[GIVEN INFORMATION — start]

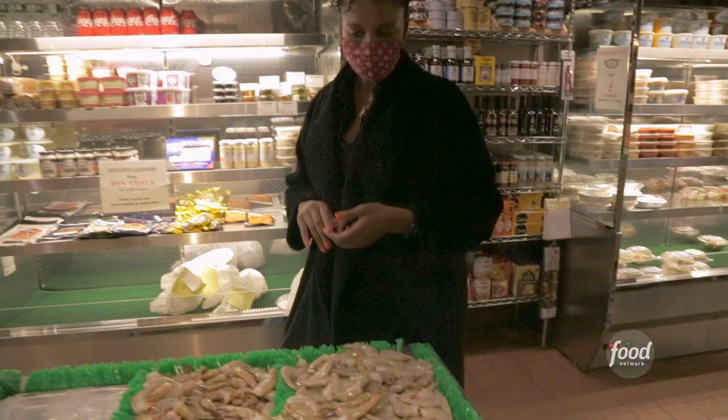You can create recipes that are from your cultural background, but then you can tailor them for your audience and for your life.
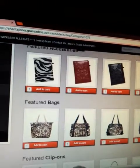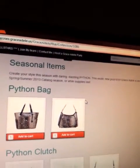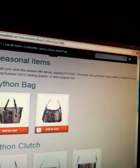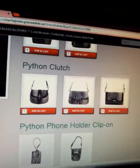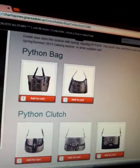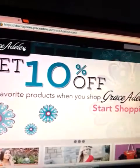We also have our seasonal items — the python collection. If you're into python or snakeskin, you can create your own style this season with the daring, dazzling python print. It's an exotic new print for Grace Adele that you'll absolutely love for the summer — step out, have a night on the town, and enjoy your new look as people ask where you got that bag. Tell them sheritajones.graceadele.us.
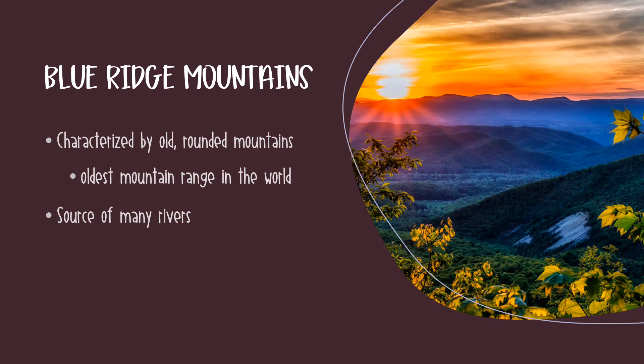If Piedmont translates to land at the foot of the mountains, it only makes sense that directly west of this region you move into the Blue Ridge Mountain region. And it's just like it sounds — this region is characterized by old, rounded mountains. These are the oldest mountains on earth. They formed over a billion years ago and belong to the Appalachian Mountain range, which stretches from Newfoundland, Canada all the way down to Alabama. The rivers flowing through the Piedmont and Tidewater regions originate at the top of these mountains. So when it rains and water flows down the mountains, it is flowing through these rivers and into the Atlantic Ocean.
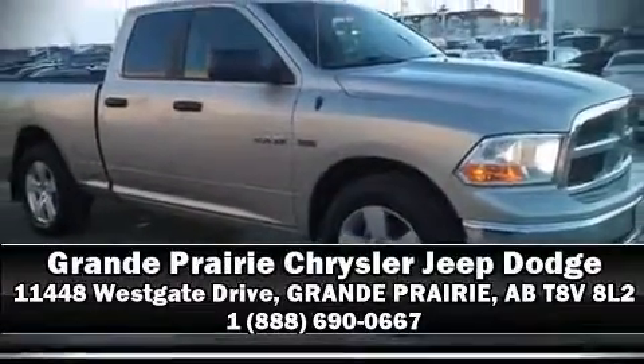Our experienced sales staff is eager to share its knowledge and enthusiasm with you. We are here to help you.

[GIVEN INFORMATION — finish]

▸ **TASK INSTRUCTIONS**: Print the material exactly as given, but not the pictures.

▸ **RESPONSE AREA**:
You can create recipes that are from your cultural background, but then you can tailor them for your audience and for your life.
We also have our seasonal items — the python collection. If you're into python or snakeskin, you can create your own style this season with the daring, dazzling python print. It's an exotic new print for Grace Adele that you'll absolutely love for the summer — step out, have a night on the town, and enjoy your new look as people ask where you got that bag. Tell them sheritajones.graceadele.us.
If Piedmont translates to land at the foot of the mountains, it only makes sense that directly west of this region you move into the Blue Ridge Mountain region. And it's just like it sounds — this region is characterized by old, rounded mountains. These are the oldest mountains on earth. They formed over a billion years ago and belong to the Appalachian Mountain range, which stretches from Newfoundland, Canada all the way down to Alabama. The rivers flowing through the Piedmont and Tidewater regions originate at the top of these mountains. So when it rains and water flows down the mountains, it is flowing through these rivers and into the Atlantic Ocean.
Our experienced sales staff is eager to share its knowledge and enthusiasm with you. We are here to help you.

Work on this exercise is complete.